Few goalies have suffered the multitude of injuries and illnesses experienced by Demko over the last couple of seasons. It makes him a really interesting asset to evaluate. On the one hand, he’s literally a season removed from being nominated for the Vezina Trophy. On the other hand, he’s got popliteus issues and a dozen other potential maladies besides, and none can truly say with any certainty whether he’ll ever truly return to form.
In other words, he might be the perfect candidate for this new kind of contract. By the rights of his ability, Demko is a player who has the right to negotiate for a protection clause. But the nature of his injuries and the likelihood of them continuing to affect his performance make any such clause risky.
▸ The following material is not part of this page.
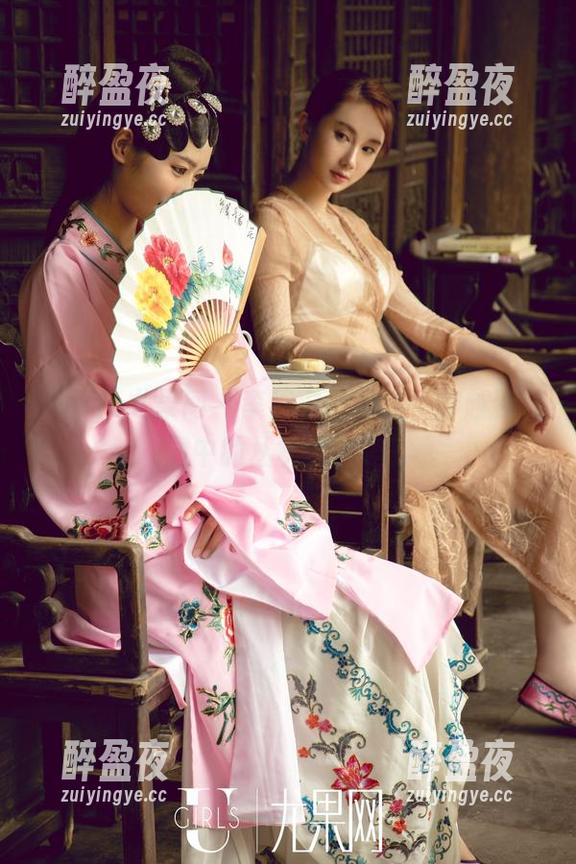 UGirls尤果网-李思宁 UGirls尤果网 - 李思宁的豹纹,穿越到美图中的丛林探险吗?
Attaching the continuation of a NMC on a performance threshold, probably just ‘games played’ in Demko’s situation, might be the ideal middle ground for the two sides to agree upon. It offers the player some protection. And it offers the team insurance and flexibility, to a point. It’s a compromise, but good deals are built on compromise.
Ultimately, it is impossible to predict when and how this tactic will emerge in Vancouver circles. However, it will eventually, provided the league doesn’t intervene to ban this practice first. Tulsky appears to have given his fellow GMs an entirely new negotiating tool for their managerial toolbelts, and that’s interesting in and of itself, and because of its potential relevance to the Canucks.